Bundesrat Pascal Couchepin war stets angriffig, häufig auch provokativ und überraschend. In seiner Auslandspolitik war er erfolgreicher als im Inland, wo ihm die dringend nötige Reform der Sozial-Versicherungen nicht gelang.

Pascal Couchepin, der Ende Oktober zurücktreten wird, scheute sich nie davor, sich mit seinen Ideen beim Volk unbeliebt zu machen. So lancierte er kurz vor den Eidgenössischen Wahlen von 2003 einige Vorschläge zur Rentenreform, die auch eine Erhöhung des Pensionsalters auf 67 Jahre beinhalteten. Für diesen Vorschlag wurde Couchepin förmlich mit Kritik überschüttet.
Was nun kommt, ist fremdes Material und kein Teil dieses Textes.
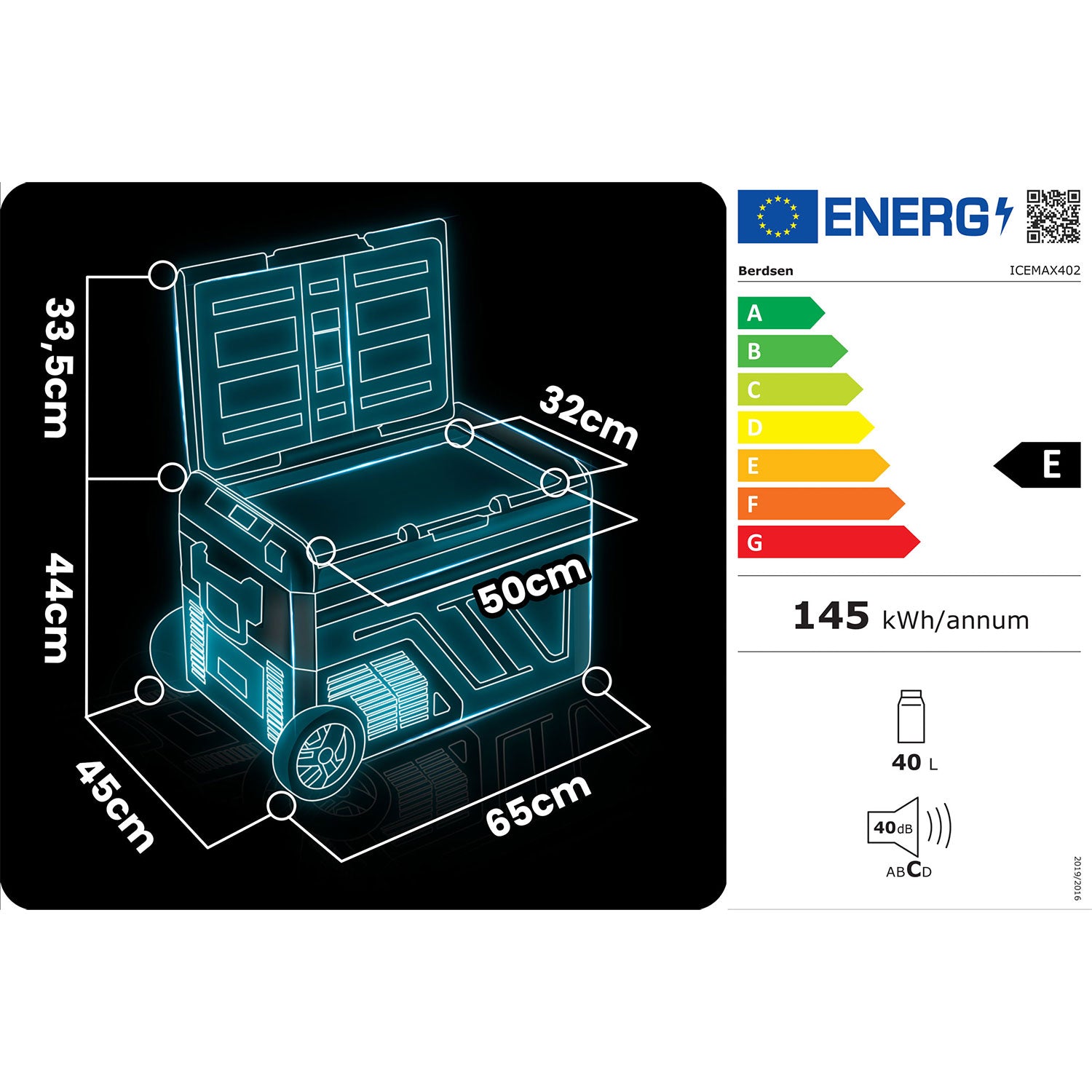 Turistinis kompresoriaus šaldytuvas Icemax 402 Berdsen 40 litrų - juodas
Nun demissioniert Couchepin selber mit 67 Jahren – ganz im Einklang mit seinen eigenen Ideen. In Bezug auf die Erhöhung des Rentenalters hat er seine Meinung nicht geändert. Er ist überzeugt, dass ihm die Geschichte dereinst Recht geben wird. Das Volk aber sieht in dieser Haltung ein Zeichen von Starrköpfigkeit oder Arroganz.

Zwischen dem überwiegend negativen öffentlichen Image und der realen politischen Statur Couchepins verlief stets ein tiefer Graben, den der betroffene Bundesrat selber nie hat beseitigen wollen. Der Freisinnige hielt überzeugt an seinen Meinungen fest und lehnte schnelle Kompromisse ab. Meinungsumfragen interessierten ihn schon gar nicht.

Erfolg bei Bilateralen

In den elf Jahren seiner Regierungstätigkeit hat Couchepin paradoxerweise die grössten Erfolge in den Beziehungen mit dem Ausland gefeiert. Als Wirtschaftsminister brachte er die ersten bilateralen Abkommen zwischen der Schweiz und der EU unter Dach und Fach.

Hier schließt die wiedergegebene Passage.